Background: Food drying, despite being a very ancient practice for food preservation, is still one of the most important processing operations in the food industry.
Objective: In this work was studied the drying of two fruits (kiwi and apple) with respect to the physical properties of texture and colour, and the drying kinetics was also evaluated with adjustment to thin layer models.
Method: For drying, a convection chamber was used at 80 °C and with an air flow of 0.5 m/s. Before and after drying the fruits were analysed with respect to their colour and texture, for being properties that are greatly affected by this type of thermal process. The colour measurement was done with a colorimeter in the CIELab coordinates and for the analysis of the texture profile a texturometer equipped with a 75 mm probe was used.

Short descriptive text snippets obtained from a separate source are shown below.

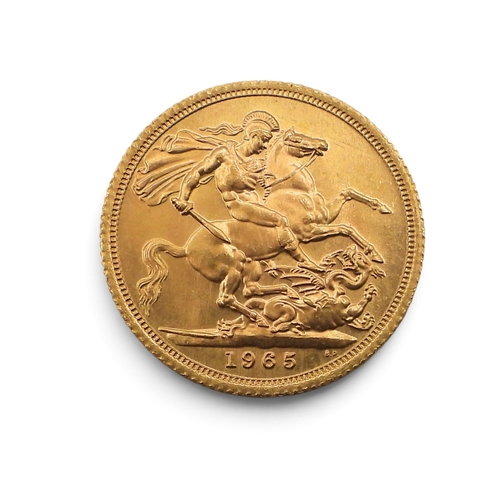 5004 - Elizabeth II (1952-2022) 1 Sovereign 1965Obverse 1st portrait of Queen Elizabeth II laureate right l... 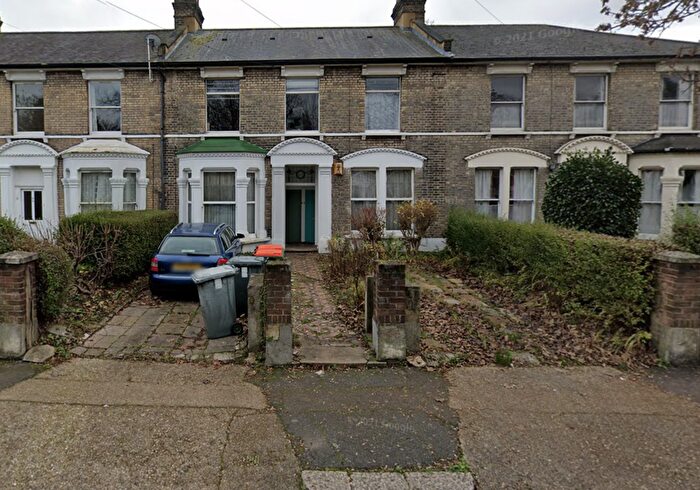 3 Bedroom Flat To Rent In Hampton Road, London, London, E7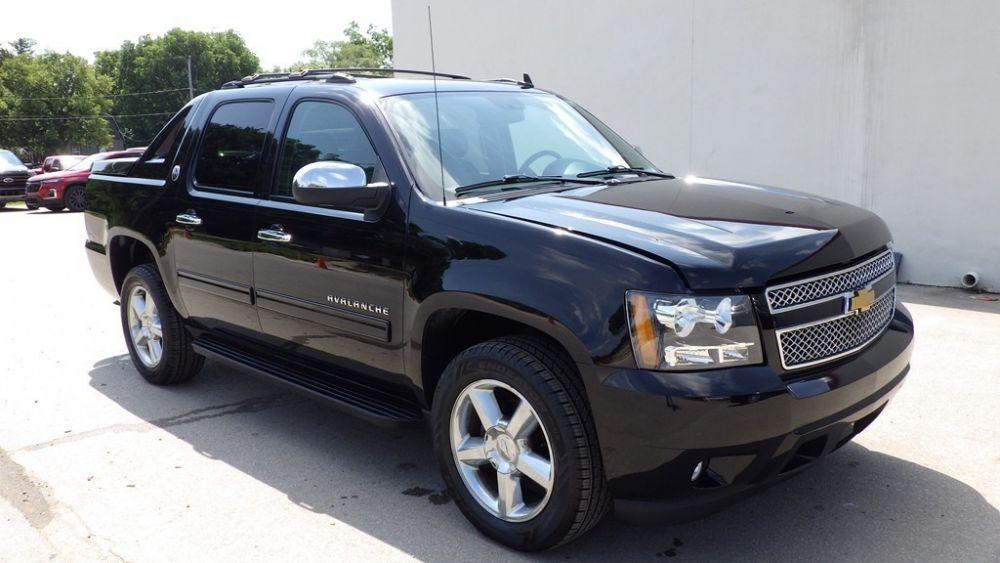 used 2013 Chevrolet Avalanche car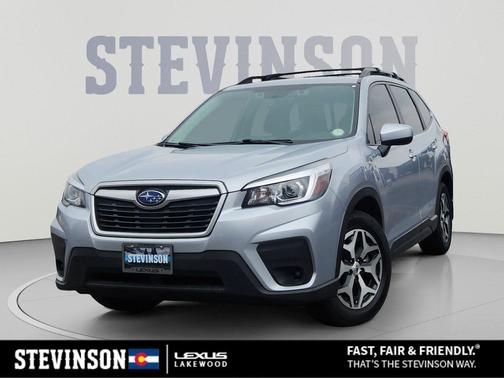 Ice Silver Metallic 2019 Subaru Forester Premium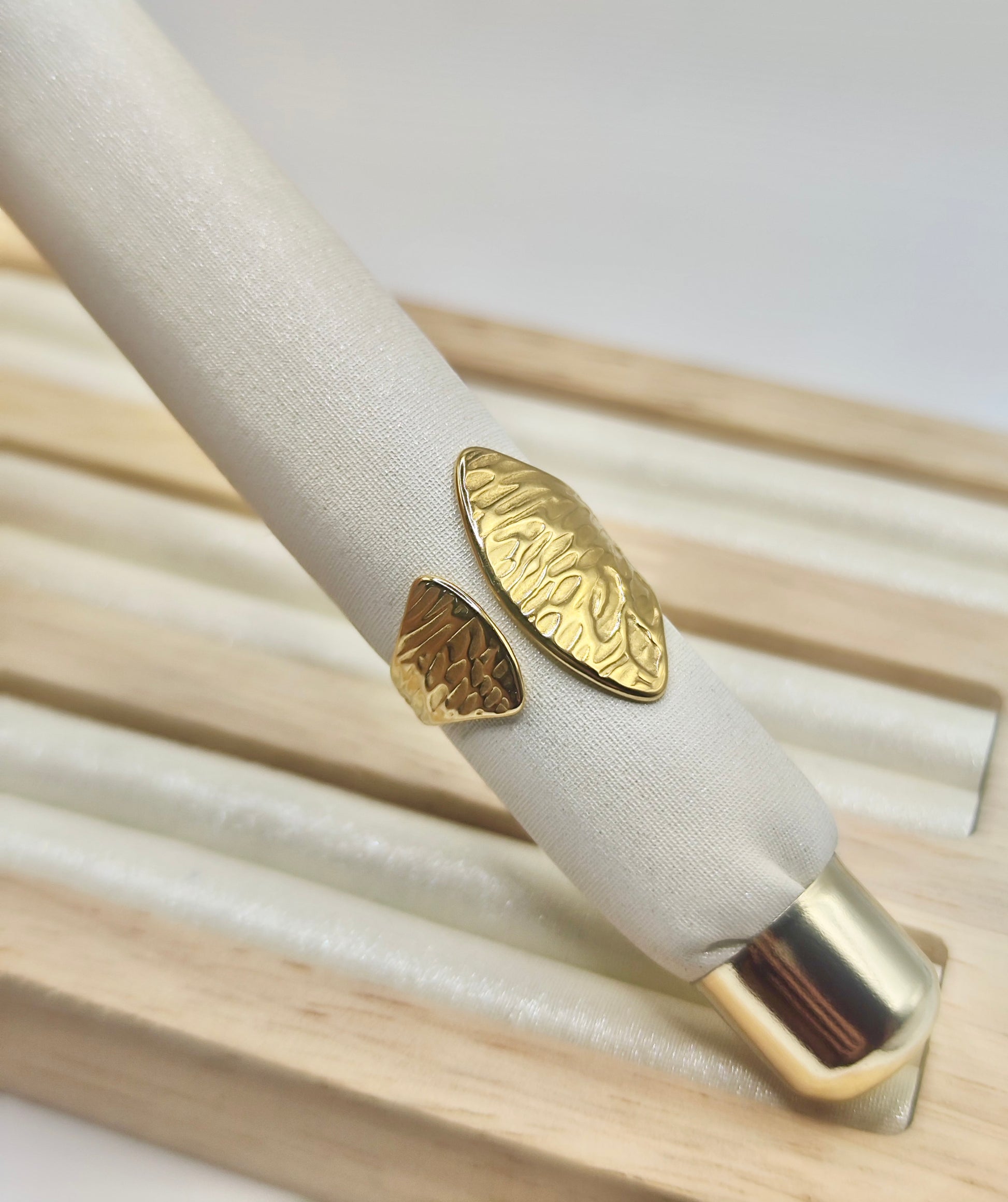Anillo Hoja Martillada – Dorado y Plateado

Results: The results showed that the drying caused very noticeable colour differences in both cases, with values of ∆E equal to 8.6 and 10.7, respectively for kiwi and apple. In the case of kiwi, there were important differences between the pulp, the inner part of the fruit and the seeds (L* varying between 42 and 62, a* between -8 and -1, b* between 17 and 33). Regarding the texture, drying produced important changes in the structure of the fruits, with decreasing hardness (40-62%) and chewiness (13-42%), counterbalanced by an increase in resilience (226-131%), cohesiveness (17-25%) and elasticity (20-23%). In relation to the kinetics, the two fruits tested had a similar behaviour, taking 2.5 hours to reach a moisture content of about 20%. The Wang & Singh model, with correlation coefficients of 0.997 and 0.999, respectively, for kiwi and apple, was the most suitable to fit the experimental data.
Conclusion: Drying significantly affected colour and texture of both fruits and the fitting of the drying data to both kinetics models was successful.
KEYWORDS: colour, texture, thin layer, drying constant, kinetic model.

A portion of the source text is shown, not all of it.